__Prompt__
First find the line containing "The Sword of" in the data, then set it down exactly along with every line after it, through the last.

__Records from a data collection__

┄┄┄┄┄┄

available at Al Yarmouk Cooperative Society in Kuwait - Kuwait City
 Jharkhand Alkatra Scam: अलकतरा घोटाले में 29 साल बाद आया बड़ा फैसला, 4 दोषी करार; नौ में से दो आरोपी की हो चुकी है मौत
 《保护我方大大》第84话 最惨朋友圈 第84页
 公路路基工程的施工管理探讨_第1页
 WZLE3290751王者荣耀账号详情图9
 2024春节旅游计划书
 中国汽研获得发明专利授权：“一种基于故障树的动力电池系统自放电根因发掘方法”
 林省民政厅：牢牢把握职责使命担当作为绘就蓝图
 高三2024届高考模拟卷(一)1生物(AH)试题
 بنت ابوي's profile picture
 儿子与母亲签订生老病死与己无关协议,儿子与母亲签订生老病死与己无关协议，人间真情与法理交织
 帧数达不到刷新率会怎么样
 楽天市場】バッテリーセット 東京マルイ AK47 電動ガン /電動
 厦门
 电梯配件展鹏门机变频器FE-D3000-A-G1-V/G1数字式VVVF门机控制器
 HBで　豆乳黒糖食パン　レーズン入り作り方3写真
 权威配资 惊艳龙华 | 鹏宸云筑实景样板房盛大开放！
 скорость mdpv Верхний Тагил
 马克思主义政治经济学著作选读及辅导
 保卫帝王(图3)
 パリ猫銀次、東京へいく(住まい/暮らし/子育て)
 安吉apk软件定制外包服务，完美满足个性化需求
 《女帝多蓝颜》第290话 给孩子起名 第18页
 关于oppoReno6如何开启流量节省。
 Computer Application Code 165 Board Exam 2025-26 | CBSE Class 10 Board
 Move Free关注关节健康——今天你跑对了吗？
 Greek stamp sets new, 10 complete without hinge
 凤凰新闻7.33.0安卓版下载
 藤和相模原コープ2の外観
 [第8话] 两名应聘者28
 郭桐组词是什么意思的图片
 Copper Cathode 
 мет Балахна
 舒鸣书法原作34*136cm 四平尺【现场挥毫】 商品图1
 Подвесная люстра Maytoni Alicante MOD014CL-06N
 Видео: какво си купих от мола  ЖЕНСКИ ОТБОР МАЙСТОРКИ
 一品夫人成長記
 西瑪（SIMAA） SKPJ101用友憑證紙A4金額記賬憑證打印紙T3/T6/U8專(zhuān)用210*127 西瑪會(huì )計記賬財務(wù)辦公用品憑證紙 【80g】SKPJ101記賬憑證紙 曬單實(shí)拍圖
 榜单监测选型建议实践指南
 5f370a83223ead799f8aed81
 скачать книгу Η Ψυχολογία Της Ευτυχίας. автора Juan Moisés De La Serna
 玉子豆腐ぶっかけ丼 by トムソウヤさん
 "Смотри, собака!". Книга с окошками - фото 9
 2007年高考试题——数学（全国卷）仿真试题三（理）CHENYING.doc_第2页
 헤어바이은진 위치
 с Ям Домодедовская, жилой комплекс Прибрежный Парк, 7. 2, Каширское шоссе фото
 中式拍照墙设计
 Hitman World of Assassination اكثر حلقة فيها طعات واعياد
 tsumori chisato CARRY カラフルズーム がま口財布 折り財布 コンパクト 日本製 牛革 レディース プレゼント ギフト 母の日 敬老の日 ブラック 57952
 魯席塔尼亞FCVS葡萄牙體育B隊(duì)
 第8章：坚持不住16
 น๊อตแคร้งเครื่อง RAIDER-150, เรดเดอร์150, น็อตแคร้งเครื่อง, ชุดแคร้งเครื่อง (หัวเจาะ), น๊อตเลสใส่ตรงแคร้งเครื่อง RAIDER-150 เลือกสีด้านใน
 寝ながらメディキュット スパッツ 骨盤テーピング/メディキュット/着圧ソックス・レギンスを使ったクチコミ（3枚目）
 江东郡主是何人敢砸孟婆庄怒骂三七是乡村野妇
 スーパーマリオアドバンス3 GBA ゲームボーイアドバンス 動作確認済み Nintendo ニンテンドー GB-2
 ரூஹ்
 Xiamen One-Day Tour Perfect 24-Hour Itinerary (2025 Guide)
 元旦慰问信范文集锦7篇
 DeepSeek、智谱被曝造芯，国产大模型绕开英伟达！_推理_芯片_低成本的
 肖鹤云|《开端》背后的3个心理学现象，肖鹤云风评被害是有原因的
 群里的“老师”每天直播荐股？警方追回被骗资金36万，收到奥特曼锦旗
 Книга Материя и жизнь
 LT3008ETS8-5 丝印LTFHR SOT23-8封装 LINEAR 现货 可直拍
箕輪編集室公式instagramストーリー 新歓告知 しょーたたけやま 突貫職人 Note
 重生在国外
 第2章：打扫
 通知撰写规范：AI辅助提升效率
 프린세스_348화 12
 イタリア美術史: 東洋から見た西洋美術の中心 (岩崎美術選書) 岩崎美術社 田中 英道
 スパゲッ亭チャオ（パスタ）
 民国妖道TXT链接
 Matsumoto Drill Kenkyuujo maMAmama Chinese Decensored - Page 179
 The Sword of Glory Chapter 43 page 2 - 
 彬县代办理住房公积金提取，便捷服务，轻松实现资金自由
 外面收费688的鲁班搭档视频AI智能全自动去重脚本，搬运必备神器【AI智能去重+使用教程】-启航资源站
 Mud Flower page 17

┄┄┄┄┄┄

__Solved problem__
 The Sword of Glory Chapter 43 page 2 - 
 彬县代办理住房公积金提取，便捷服务，轻松实现资金自由
 外面收费688的鲁班搭档视频AI智能全自动去重脚本，搬运必备神器【AI智能去重+使用教程】-启航资源站
 Mud Flower page 17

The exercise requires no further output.